From the first line of the records down to the one that holds "Dome Tissue Box - Black Leatherette", transcribe each line exactly and add nothing.

[Extracted data — start]

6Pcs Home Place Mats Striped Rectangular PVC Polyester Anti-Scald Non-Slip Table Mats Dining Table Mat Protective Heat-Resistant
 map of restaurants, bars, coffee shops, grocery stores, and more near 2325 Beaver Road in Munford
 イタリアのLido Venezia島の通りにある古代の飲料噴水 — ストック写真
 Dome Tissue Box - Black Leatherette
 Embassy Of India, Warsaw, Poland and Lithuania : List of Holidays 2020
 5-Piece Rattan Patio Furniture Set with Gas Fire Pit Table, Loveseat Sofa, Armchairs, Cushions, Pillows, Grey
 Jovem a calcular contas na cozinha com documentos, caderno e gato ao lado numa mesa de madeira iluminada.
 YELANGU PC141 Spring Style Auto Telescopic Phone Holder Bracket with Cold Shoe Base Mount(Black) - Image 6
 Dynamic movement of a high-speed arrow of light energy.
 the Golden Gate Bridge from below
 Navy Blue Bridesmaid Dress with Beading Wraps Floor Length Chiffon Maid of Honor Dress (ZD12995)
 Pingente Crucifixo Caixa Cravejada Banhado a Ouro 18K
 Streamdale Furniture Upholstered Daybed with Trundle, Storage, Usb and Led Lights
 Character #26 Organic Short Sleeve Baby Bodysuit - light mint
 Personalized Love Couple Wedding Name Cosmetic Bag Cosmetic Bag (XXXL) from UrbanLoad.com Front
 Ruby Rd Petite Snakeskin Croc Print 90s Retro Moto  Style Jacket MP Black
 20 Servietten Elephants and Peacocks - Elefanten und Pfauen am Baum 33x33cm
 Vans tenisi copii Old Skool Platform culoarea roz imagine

[Extracted data — finish]

§ Exercise result:
6Pcs Home Place Mats Striped Rectangular PVC Polyester Anti-Scald Non-Slip Table Mats Dining Table Mat Protective Heat-Resistant
 map of restaurants, bars, coffee shops, grocery stores, and more near 2325 Beaver Road in Munford
 イタリアのLido Venezia島の通りにある古代の飲料噴水 — ストック写真
 Dome Tissue Box - Black Leatherette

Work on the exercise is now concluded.